About five years ago, I went on a sales call that didn’t work out too well. The customer, a large direct marketer, was looking for someone to audit its propensity-to-buy program, and invited several consulting vendors in to review the company’s analytics platform. The talks progressed well as we discussed data integration, database, and query/reporting. But when the focus turned to statistical modeling, I made the mistake of asking to see what they did for graphics and visualization of the data that comprised their propensity models. I was interested in both exploratory visualization, much like I’ve written about in other DI articles, and also diagnostic graphics that offer evidence on the validity of the fitted models.
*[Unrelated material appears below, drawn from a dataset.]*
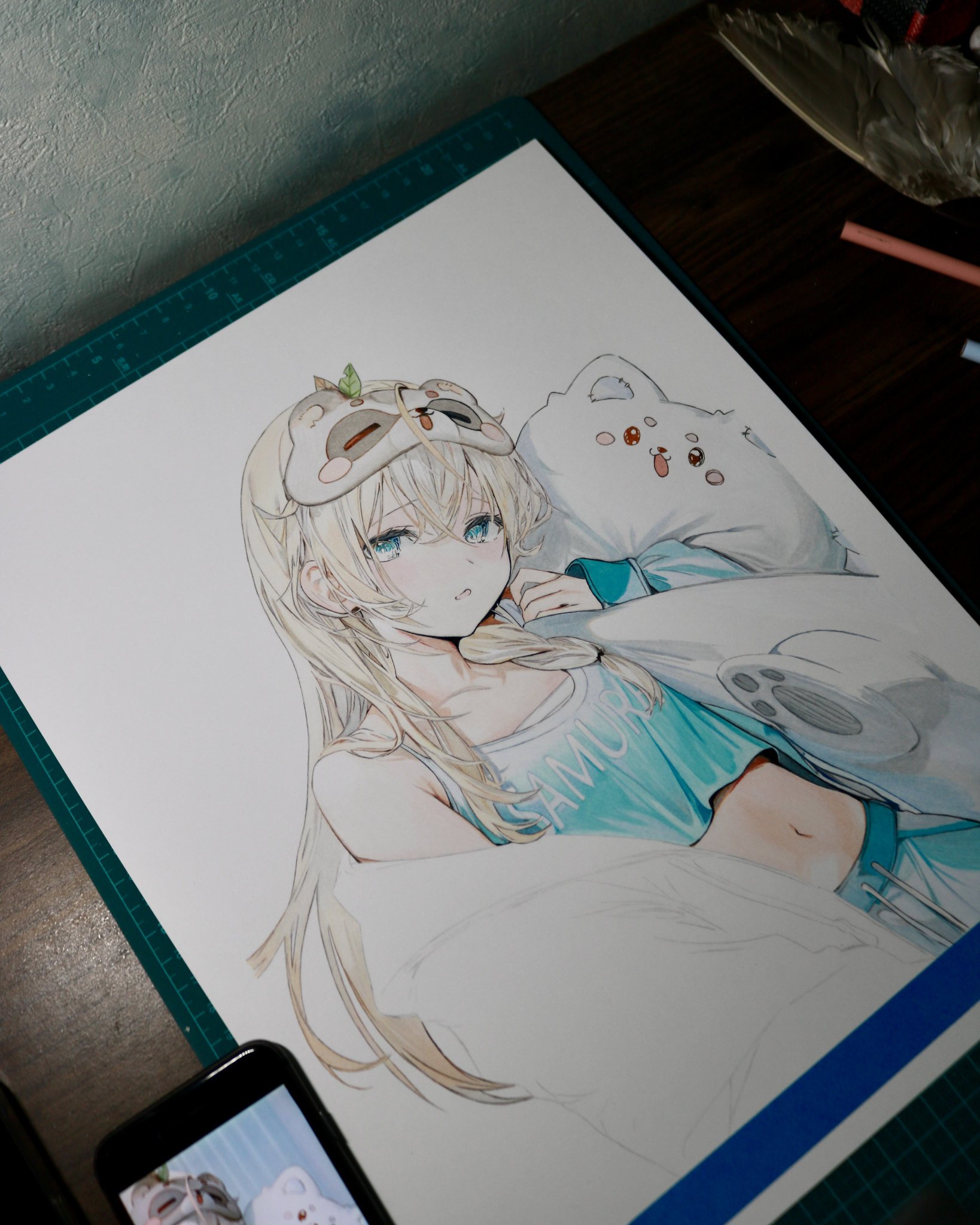 リアルな色鉛筆画 A4 新しい絵が出来たぁ～(^^)/ SnowManの、目黒蓮くん🩵 色鉛筆画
I realized immediately by the stony silence that my questions had not been well received. Finally, after the analysts seemingly came to grips with the third eye in the middle of my forehead, they opined that the company’s models were quite mature and properly functioning and that they felt no need to visually review their findings. At that point I’m sure they also felt they had no need for my consulting services.
I thought about that call as I started looking at a data set I downloaded as part of the R package AER, Applied Econometrics with R1, wondering how best to combine predictive modeling with graphics. The raw data set consists of 7 attributes and 28,155 records from the 1988 Current Population Survey. Among the variables of interest are weekly wage, region of residence, experience in years, and education in years. A natural statistical inquiry attempts to predict wage from remaining explanatory variables. After eliminating part-time employee records and comprising a few additional attributes, including the base 10 logarithm of wage, I set out to look at the remaining 25,631 records with an eye towards predicting wage from experience and education. I used the R platform for statistical computing for the analyses and graphs.
Figure 1 is a scatter plot of experience versus the base 10 log of wage, with a straight line least squares regression superimposed. The least squares line is the very simplest of regressions, and could just have easily been fit by Excel or any popular BI tool. Though it’s called linear regression, standard least squares can also be used to fit more complicated polynomial and exponential equations, provided the parameters to be estimated appear in the model linearly.
The scatter of experience and log wage certainly increases at first, as indicated by the plot and the fitted line. But there appears to be curvature in the relationship for higher values of experience that is not (and cannot be) reflected by a straight line fit. Figure 2a reproduces the plot and adds a cubic polynomial regression curve.